Date de sortie : décembre 2021 (2h32)
Réalisateur : Mohammad Rasoulof
Casting : Ehsan Mirhosseini, Shaghayegh Shourian, Kaveh Ahangar, …
Genre : Drame
Nationalité : Iran
Synopsis: Iran, de nos jours. Heshmat est un mari et un père exemplaire mais nul ne sait où il va tous les matins. Pouya, jeune conscrit, ne peut se résoudre à tuer un homme comme on lui ordonne de le faire. Javad, venu demander sa bien-aimée en mariage, est soudain prisonnier d’un dilemme cornélien. Bharam, médecin interdit d’exercer, a enfin décidé de révéler à sa nièce le secret de toute une vie. Ces quatre récits sont inexorablement liés. Dans un régime despotique où la peine de mort existe encore, des hommes et des femmes se battent pour affirmer leur liberté.
Critique : On l’oublie régulièrement au vu de notre inscription dans quelque chose de quotidien mais le cinéma dispose de cette capacité à mettre en branle le monde par sa façon de charger la politique d’un pays, si pas d’un monde. Tourné en toute clandestinité, « There is no evil » s’inscrit dans cette ambition thématique par sa manière de parler de peine de mort dans une Iran tiraillée jusque dans ses moindres rouages. C’est justement par le bouleversement quasi léger, presque invisible à l’œil nu, que le film de Mohammad Rasoulof trouve son impact des plus dévastateurs.
Divisé en quatre histoires différentes mais liées par ces mêmes interrogations, « There is no evil » s’entame par une représentation d’une normalité si banale qu’elle en semble imperturbable. Plus dure en sera la chute, d’une brutalité estomaquante par sa façon de s’ingérer dans ce qui se dévoile comme si commun. La force narrative du long-métrage s’y fait puissante, comme une colère sourde qui ne cherche qu’à se vocaliser pour y assumer toute sa dimension. La mise en scène de Mohammad Rasoulof parvient dès lors à conférer une voix à ces protagonistes du réel, à leur mise en tension effective et à ce portrait multiple où la durée des séquences ravive une capacité résistante indispensable.

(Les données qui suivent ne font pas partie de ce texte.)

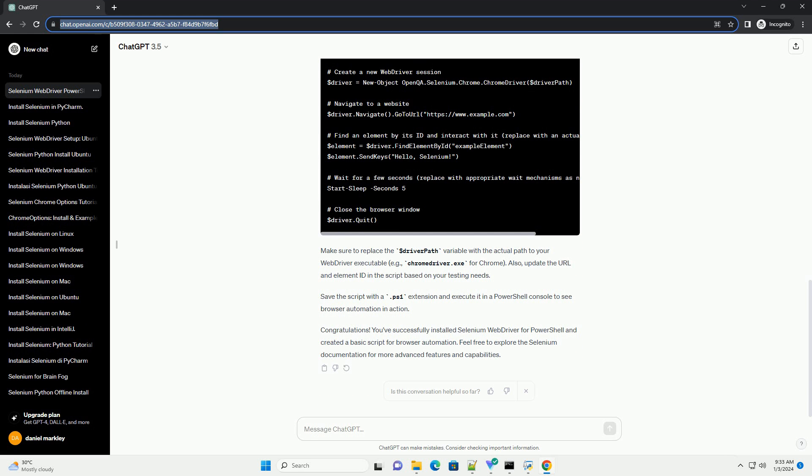Make sure to replace the $driverPath variable with the actual path to your WebDriver executable, example ChromeDriver.exe for Chrome. Also, update the URL and element ID in the script based on your testing needs. Save the script with a .ps1 extension and execute it in a PowerShell console to see browser automation in action.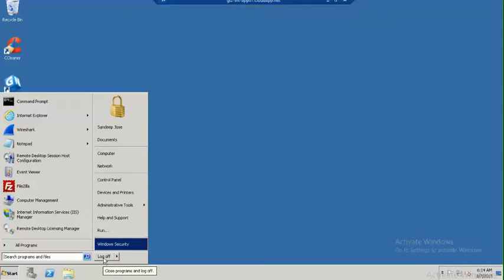Today we are going to see how to manage the sessions in RDS server. Normally a user will log into the server and he may forget to log off from the machine.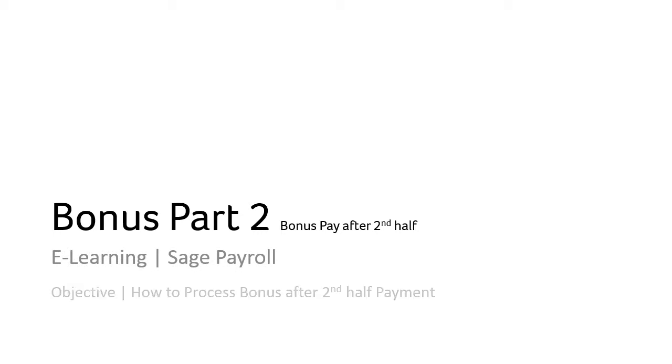Welcome to the e-learning on the topic, bonus pay part 2. The objective of this topic is to guide users on how to process bonus after second half payment.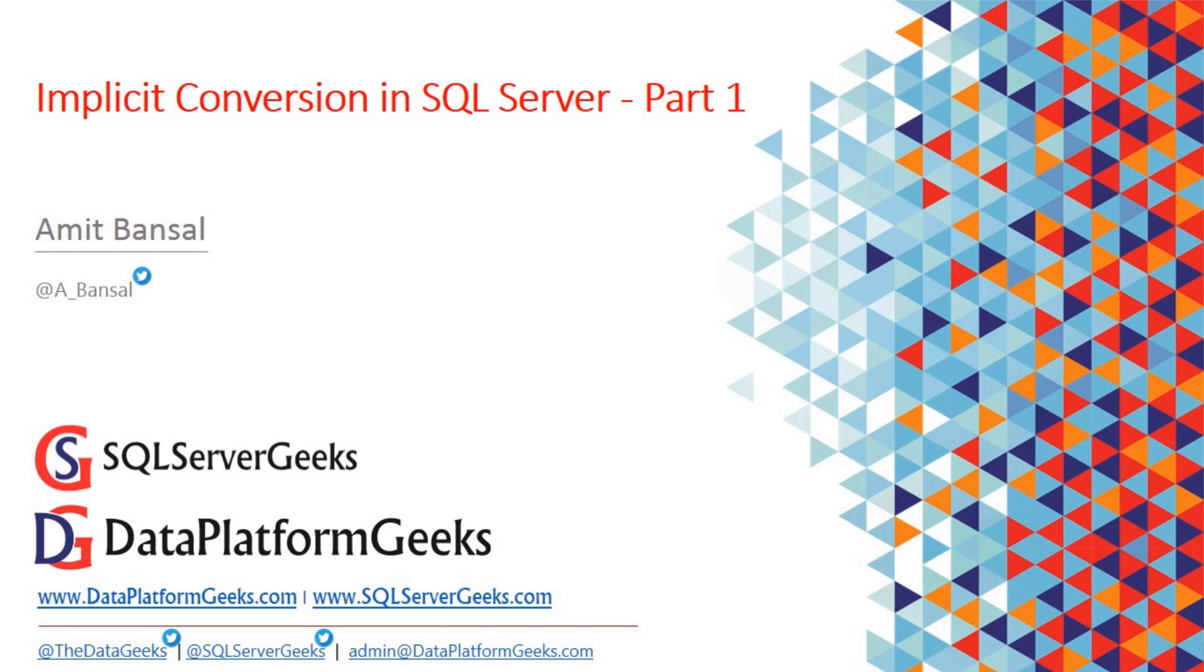Today I'm going to talk about implicit conversions inside SQL Server. Query tuning is a huge subject and implicit conversion is a very small part of the query tuning ocean.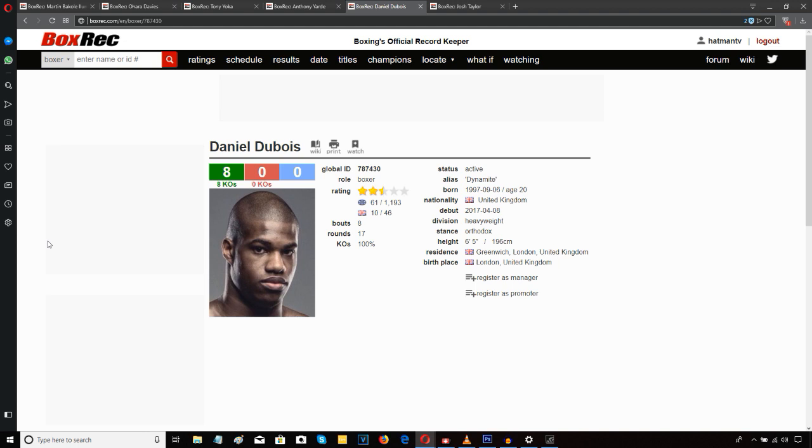He was talking about filling out the O2 for Dubois-Gorman. It's going to take a lot of work on Frank Warren's behalf in order to be filling out the O2 with anyone. Because that O2 was virtually empty. I'm sure most of you who saw the show would have noticed the O2 had virtually nobody in it. So Warren's got a lot of work to do there.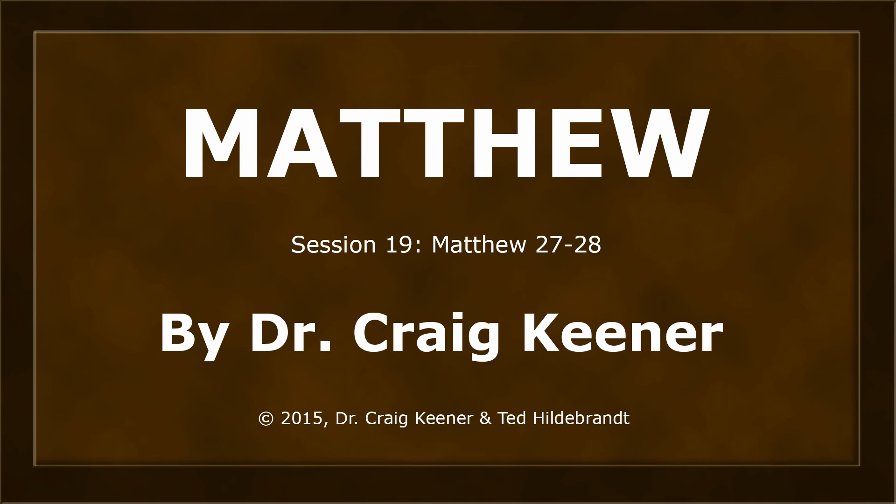This is Dr. Craig Keener in his teaching on the book of Matthew. This is session number 19, Matthew chapters 27 and 28.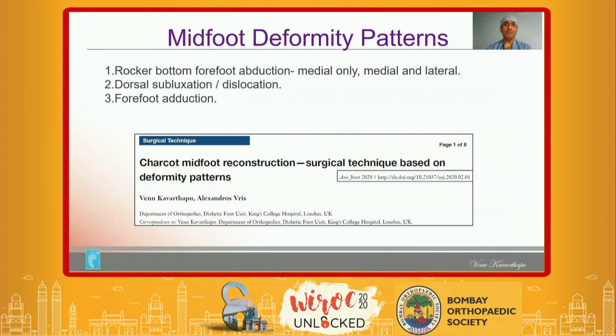It is really important for us to understand different midfoot Charcot deformity patterns in relation to the surgical correction principle.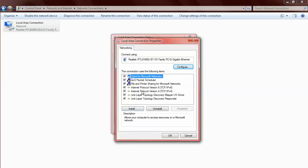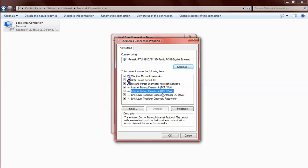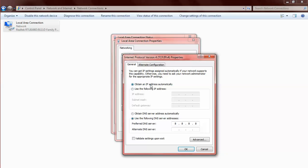Then go to Internet Protocol Version 4, TCP/IP Version 4, and double click on it. Enable the option Use the Following DNS Server Addresses. Then change the value to 8.8.8.8.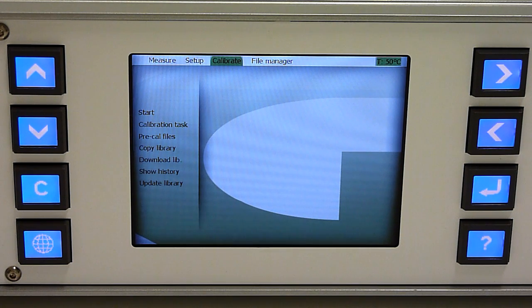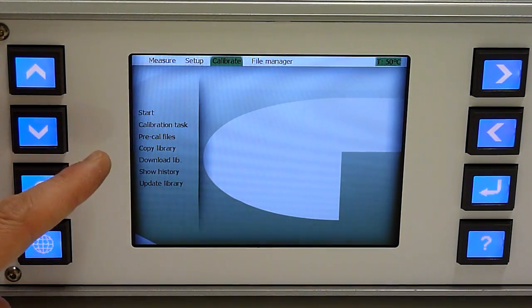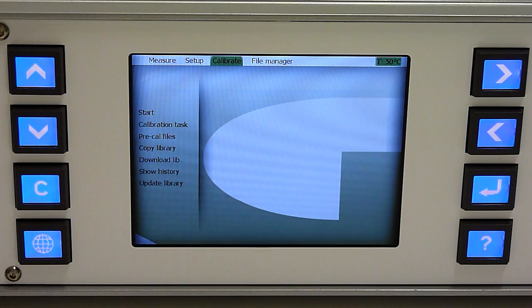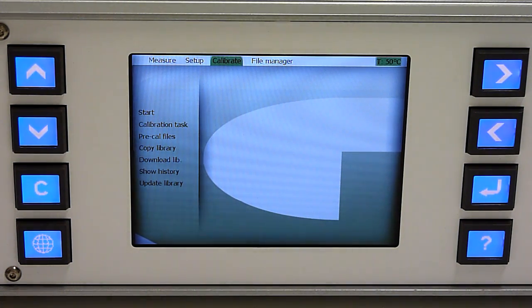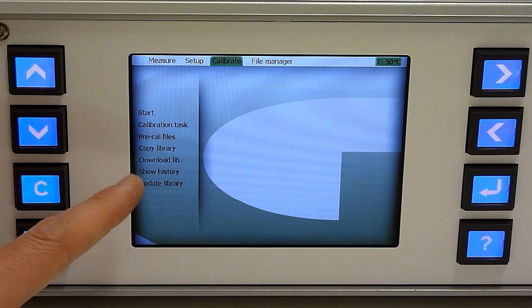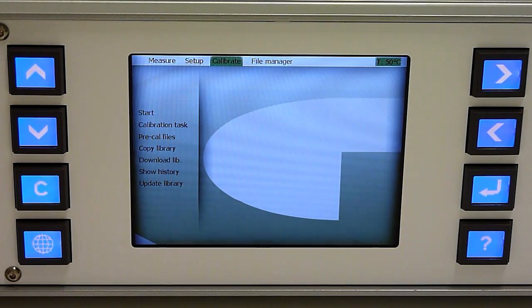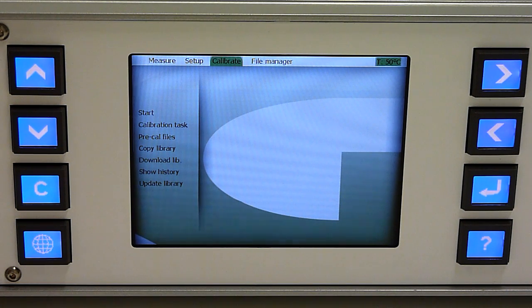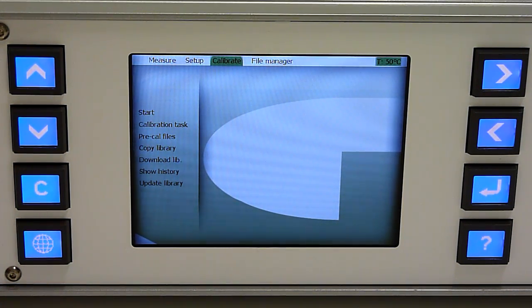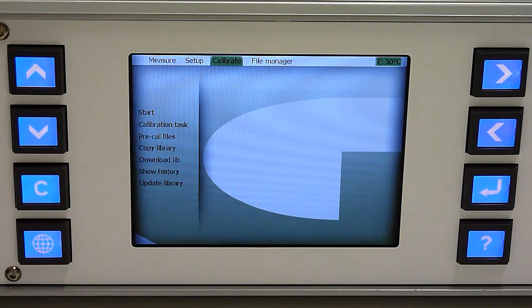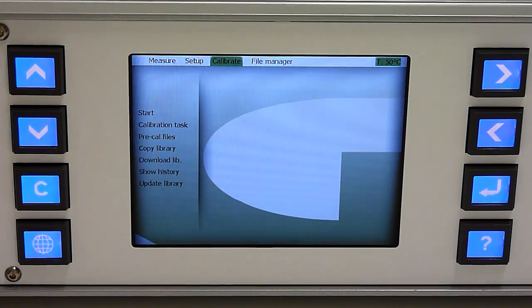You can download pre-calibration files, back up your existing calibration library from the instrument, download an existing library elsewhere, show the calibration history, or update the library if you have just recalibrated, for example, moisture and you don't want to recalibrate all the other gases.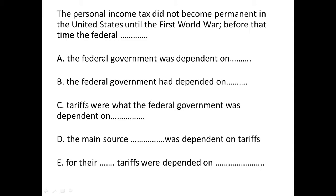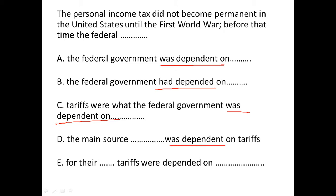Hi, my name is Mandeep. In this question, we'll use the elimination process to find the answer. First, let's compare the answer choices: it says 'the federal government was dependent,' 'had dependent,' 'was dependent,' 'was dependent,' 'were dependent.'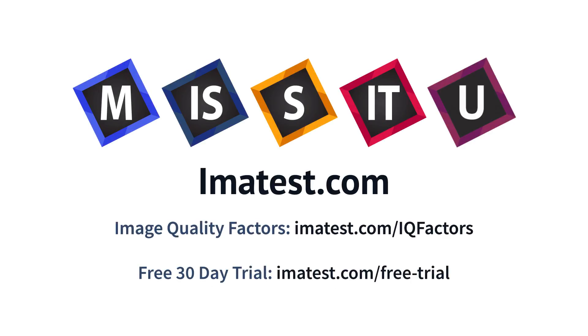To learn more about the appearance and testing process for other key image quality factors, please visit imatest.com/IQ factors. For a free 30-day trial, please visit imatest.com/free-trial.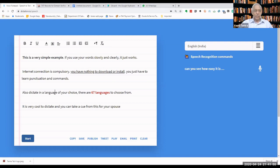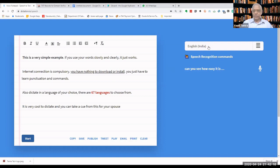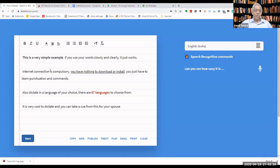You just say start and start speaking. On the top right I've selected English India as the language. Indian English is simple to understand for Indians — although there are many types of English, you just say start and start speaking and it will recognize your voice. That's as simple as it gets. This is just a website called dictation.io — no download, no installation required.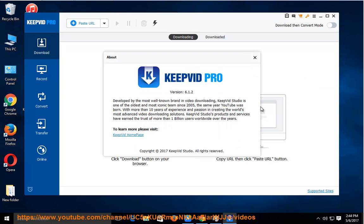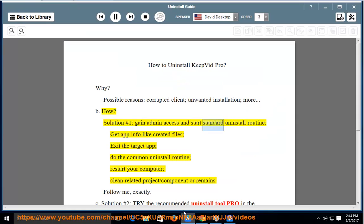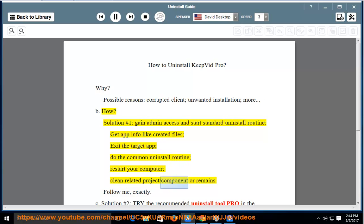How? Solution number 1: Gain admin access and start the standard uninstall routine. Get app info like created files. Exit the target app. Do the common uninstall routine. Restart your computer. Clean related project, component, or remains.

Récompensé de l’Ours d’or de Berlin en 2020, « There is no evil » contient les germes des grands films, ceux dont la pensée de fond ne peut se soumettre et où l’image sert à mieux développer des protagonistes mis face à des rouages destructeurs et meurtriers. Le long-métrage de Mohammad Rasoulof est d’une tragédie contemporaine telle que l’on ne sait comment en aborder pleinement ses réussites. Allez le voir sur grand écran, cela vaudra mieux pour restaurer au mieux tout son intérêt indéniable.